→ **Problem requirements**: Reproduce the material below only from the line with "Hey everybody, Emily" to the line with "StarTron is a", both included, keeping each line exact and dropping the pictures.
[[ Data to process open ]]
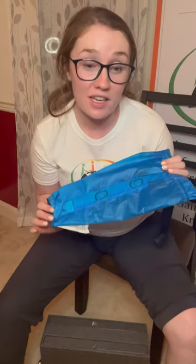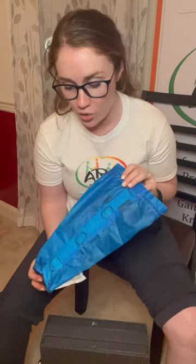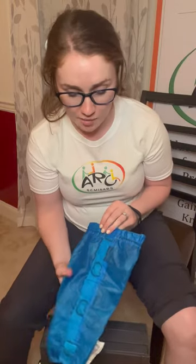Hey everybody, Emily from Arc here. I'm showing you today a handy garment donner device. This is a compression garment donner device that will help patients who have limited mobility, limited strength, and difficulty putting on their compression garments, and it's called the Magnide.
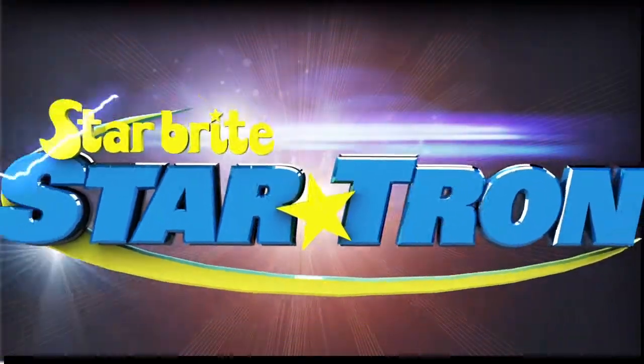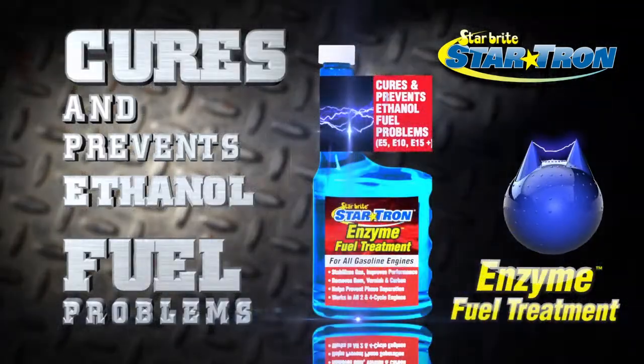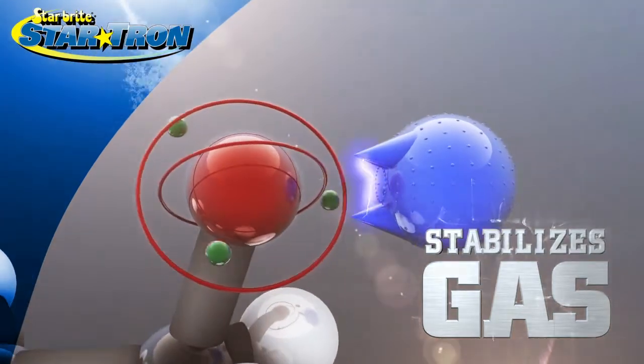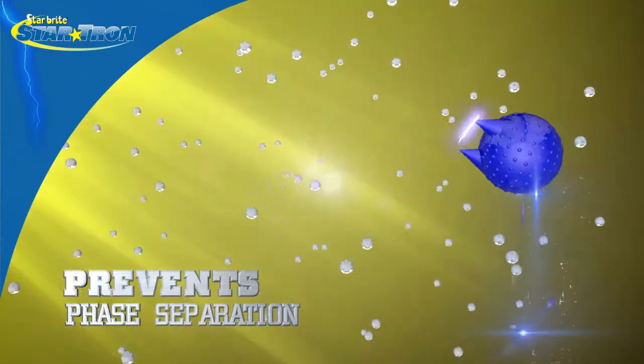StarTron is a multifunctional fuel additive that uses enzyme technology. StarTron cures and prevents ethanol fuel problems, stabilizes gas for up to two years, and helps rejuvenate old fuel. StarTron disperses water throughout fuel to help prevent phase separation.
[[ Data to process closed ]]
[[ Data to process open ]]
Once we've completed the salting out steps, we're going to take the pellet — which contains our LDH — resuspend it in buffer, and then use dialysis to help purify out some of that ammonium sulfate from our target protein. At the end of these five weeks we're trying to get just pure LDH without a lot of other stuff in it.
[[ Data to process closed ]]
→ **Solution to this problem**:
Hey everybody, Emily from Arc here. I'm showing you today a handy garment donner device. This is a compression garment donner device that will help patients who have limited mobility, limited strength, and difficulty putting on their compression garments, and it's called the Magnide.
StarTron is a multifunctional fuel additive that uses enzyme technology. StarTron cures and prevents ethanol fuel problems, stabilizes gas for up to two years, and helps rejuvenate old fuel. StarTron disperses water throughout fuel to help prevent phase separation.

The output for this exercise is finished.